I am stuck in import taxonomy.txt with Qiime2-2018.6. Do you have any suggestions?
I appreciate your help.

Chloe

ebolyen · September 7, 2018, 6:47pm

Hey @chloewang,

In 2018.8 --source-format was changed to --input-format. Since you are running 2018.6 just change it back to --source-format (or use the 2018.6 docs instead of latest) and you should be good to go.

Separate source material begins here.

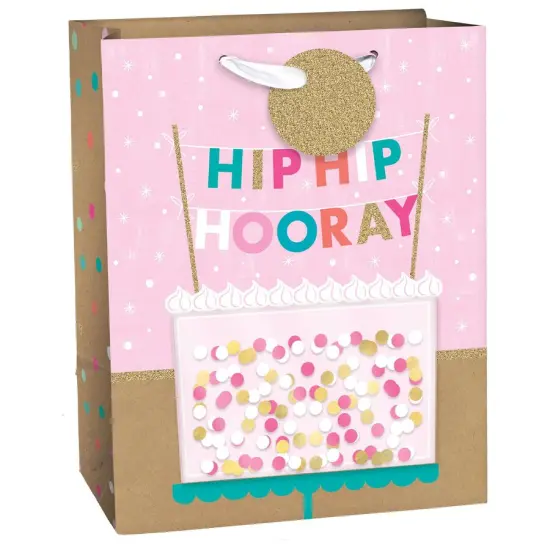 Hip Hooray Cake Bag w/ Hang Tag, 1ct {1}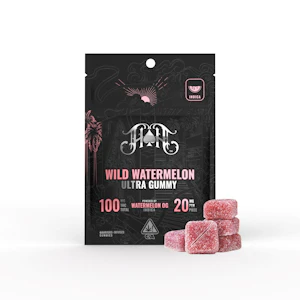 HEAVY HITTERS - Wild Watermelon - Ultra Gummy - 20mg (I) - Heavy Hitters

chloewang · September 7, 2018, 9:13pm

@ebolyen Thank you very much. It works.

chloewang · September 8, 2018, 10:23pm

@ebolyen I am sorry to keep asking questions. But I am running “train the classifier” code. It takes hours and hasn’t finished till now. It seems to occupy a lot of RAM since my computer is almost frozen now. Is this normal?

Mehrbod_Estaki · September 9, 2018, 1:14am

Hi @chloewang,

Training the classifier is one of the longer processes available through qiime2. Depending on the size of the database and how much resources you have dedicated to the processes, it can certainly take a long time and 3 hours is perfectly normal. As long as it is still processing I would let it do its thing and wait!

chloewang · September 9, 2018, 11:00pm

Got it. Thank you @Mehrbod_Estaki

system · October 11, 2018, 5:11am

This topic was automatically closed 31 days after the last reply. New replies are no longer allowed.